Training recipes and scripts for system paper "Exploring Model Consensus to Generate Translation Paraphrases" (In WNGT workshop at ACL20) in duolingo STAPLE shared task.
You can download the out-of-domain data and required tools by running
bash prepare_data.sh
If you want to use the in-domain STAPLE dataset, you should download from Dataverse, and extract the training data to data/raw/
We trained the model using a modified version of fairseq. You may have to compile it by running
cd tools/fairseq
pip install --editable .
The preprocessing procedures include
- punctuation normalization, removing non-printable characters
- tokenization
- BPE (shared vocab with size of 40k for both En and Pt)
- parallel data filtering
All data preprocessing are in data/preprocess_data.sh
Scripts for pre-training with out-of-domain data and fine-tuning with in-domain data are in the recipes/
directory.

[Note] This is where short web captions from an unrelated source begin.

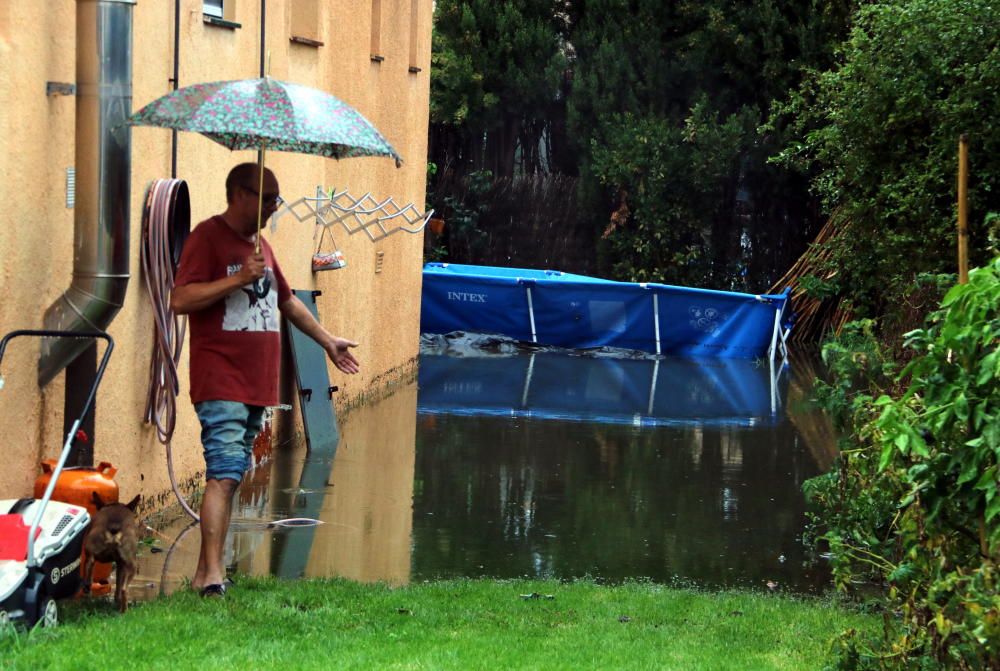 Temporal de llevant a les comarques gironines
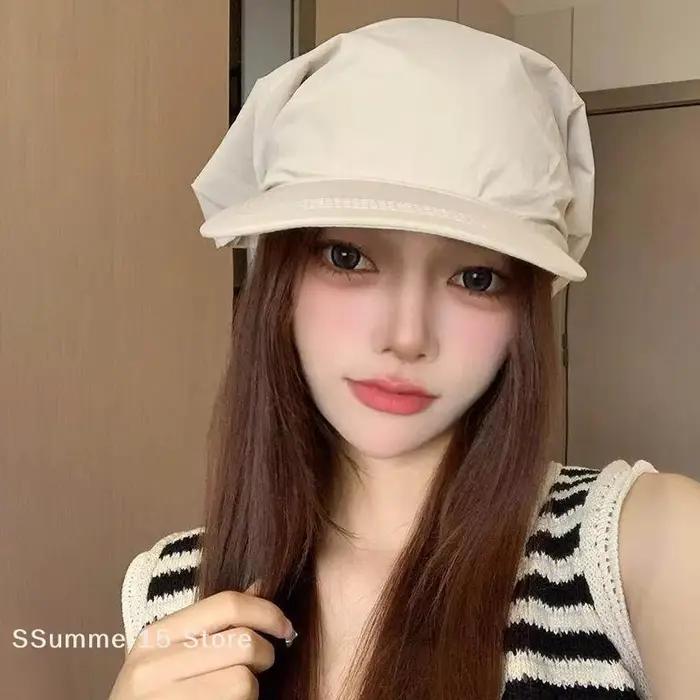 Casquette de baseball aux lacets tendance pour femmes style décontracté pour les voyages et les sorties en plein air toutes saisons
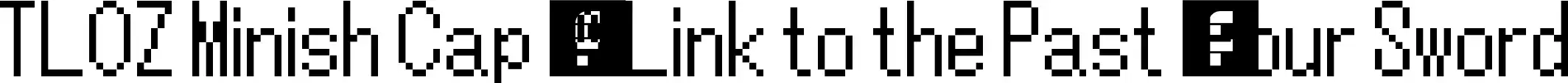 TLOZ Minish Cap / A Link to the Past / Four Sword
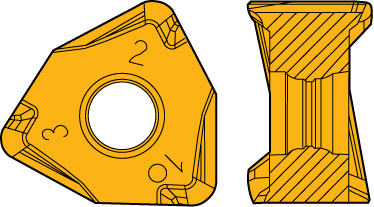 XNEX080608TR-M13 F40M | Seco Tools
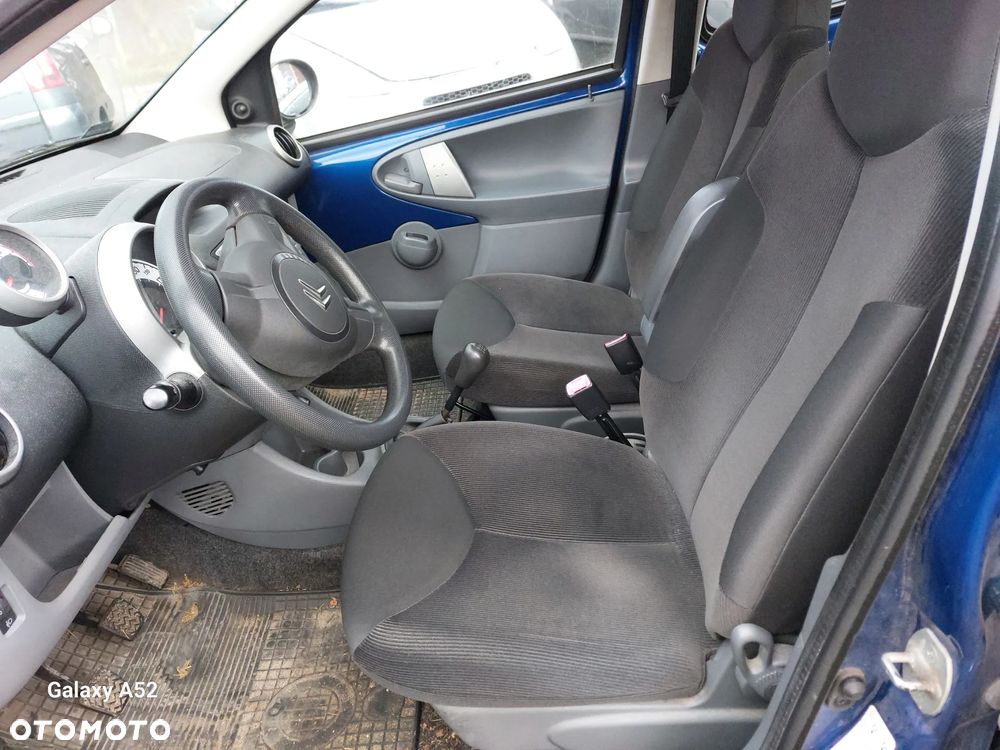 Zderzak CITROEN C1 1,0B 08R.  maska,lampy,drzwi,klapa..... - 6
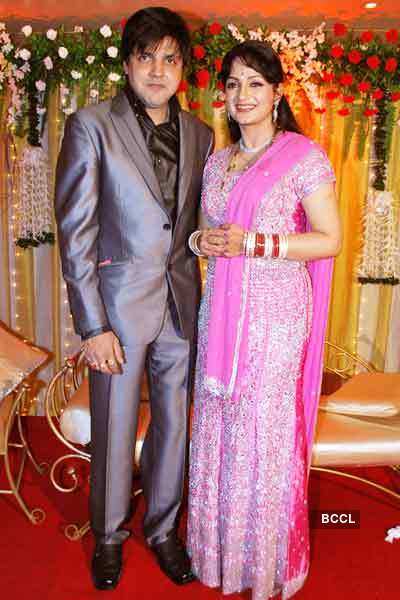 Upasana's wedding reception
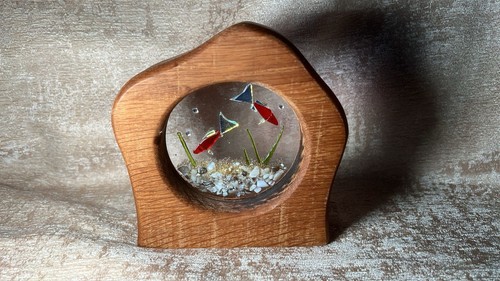 Claire walter fused glass - claire, walter’s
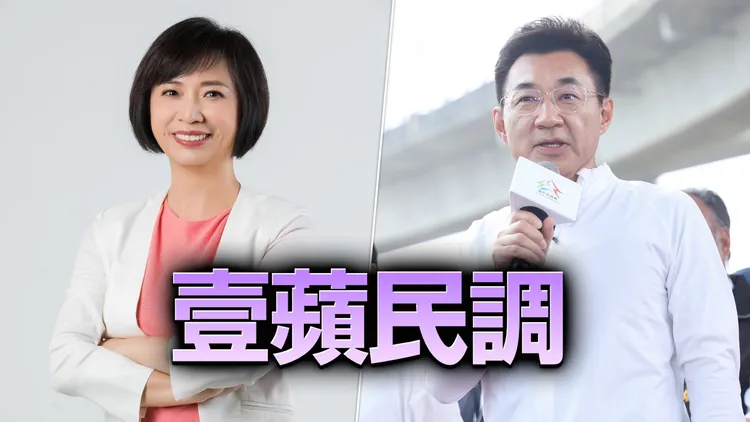 壹蘋六都週週民調｜倒數12週，你支持誰當台中市長？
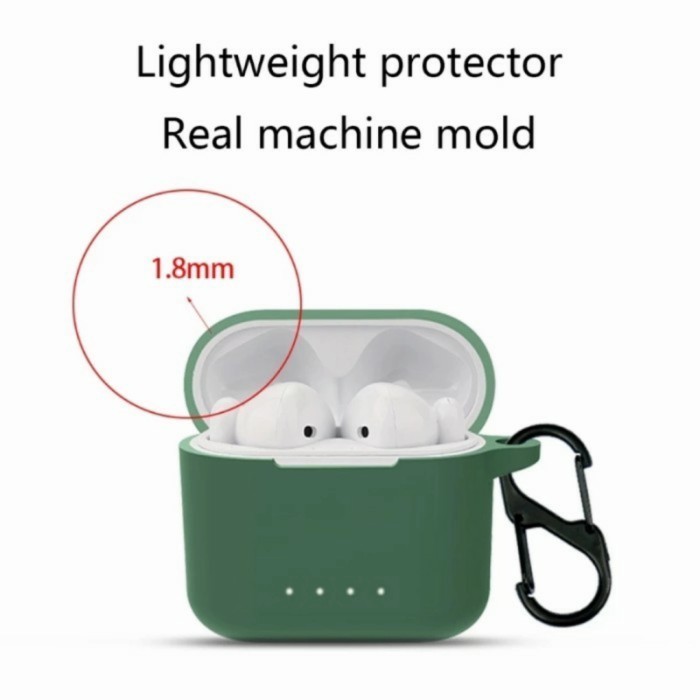 Earphone Case Silicon Case Untuk Nokia Tws Earphone E3101 Terlaris!!! R0324C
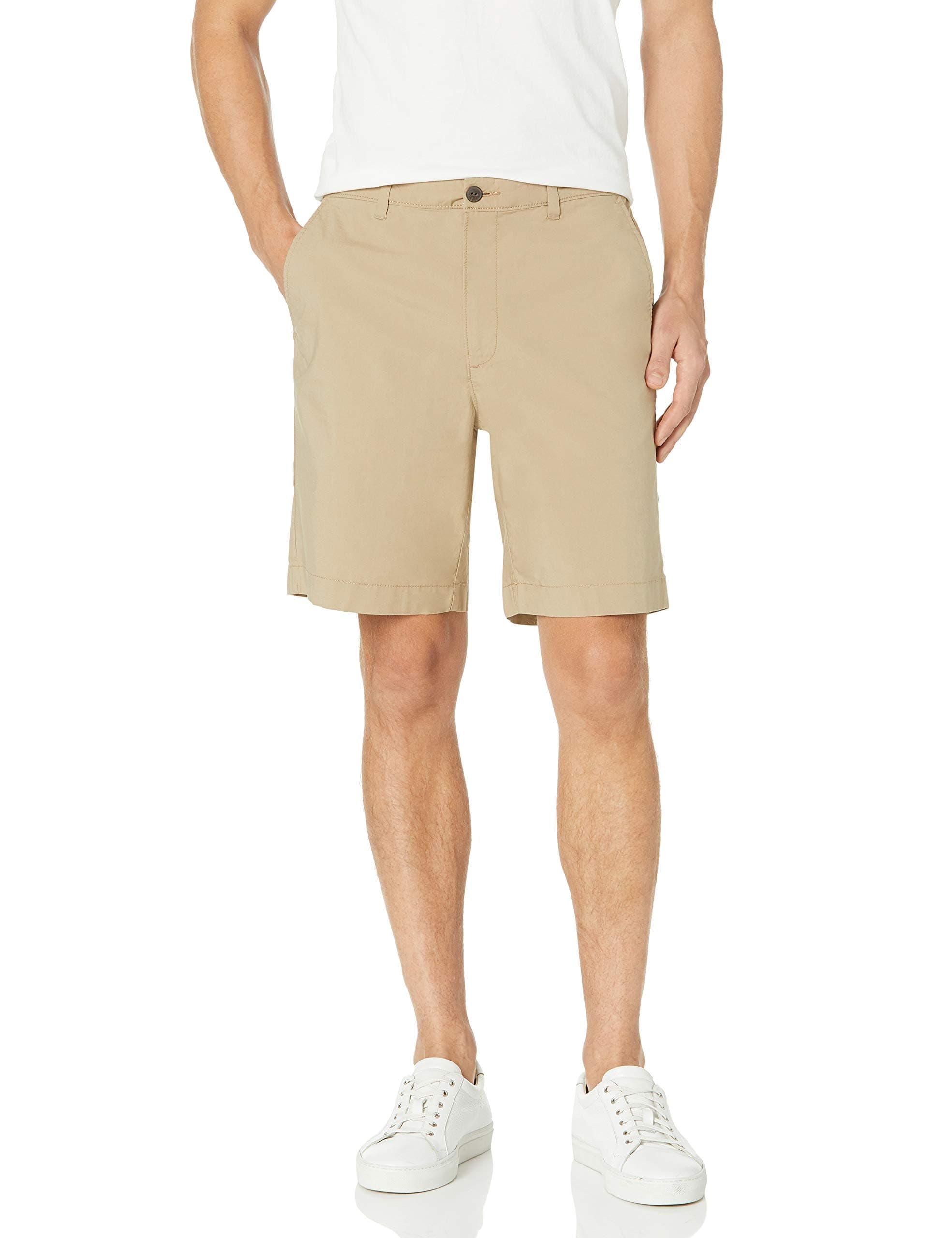 Amazon Essentials Men's Regular-Fit 9" Lightweight Stretch Shorts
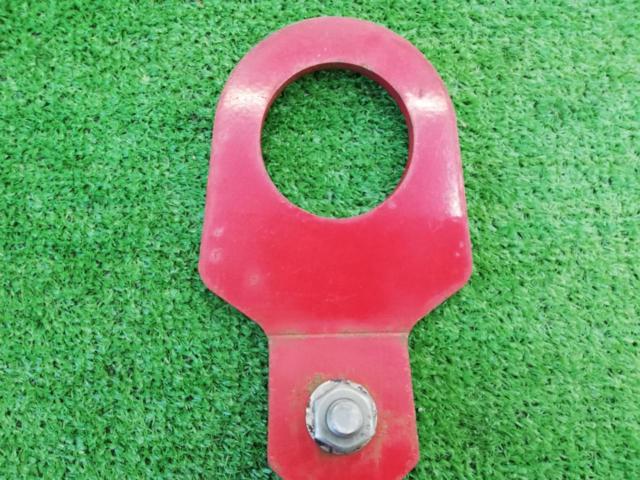 メーカー不明 けん引フック リア用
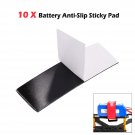 10Pcs Anti-Slip Battery Pad Silicone Mat Adhesive Tape For Rc Fpv Racing Drone Quadcopter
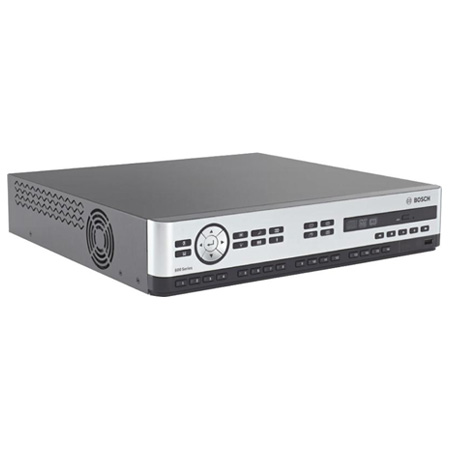 DVR-650-08A100 BOSCH 8 Channel 600 Series DVR 120IPS@4CIF - 1TB - Internal DVD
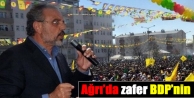 Ağrı’da zafer BDP’nin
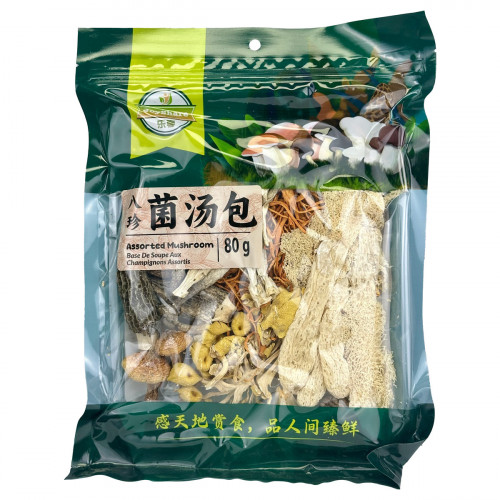八珍菌菇汤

You can also evaluate the weighted marco F1 score with the scripts.
If you use this work, please cite it as
@inproceedings{li-etal-2020-exploring,
Author = {Zhenhao Li, and Marina Fomicheva, and Lucia Specia},
Title = {Exploring Model Consensus to Generate Translation Paraphrases},
Booktitle = {Proceedings of the ACL Workshop on Neural Generation and Translation (WNGT)},
Publisher = {ACL},
Year = {2020}
}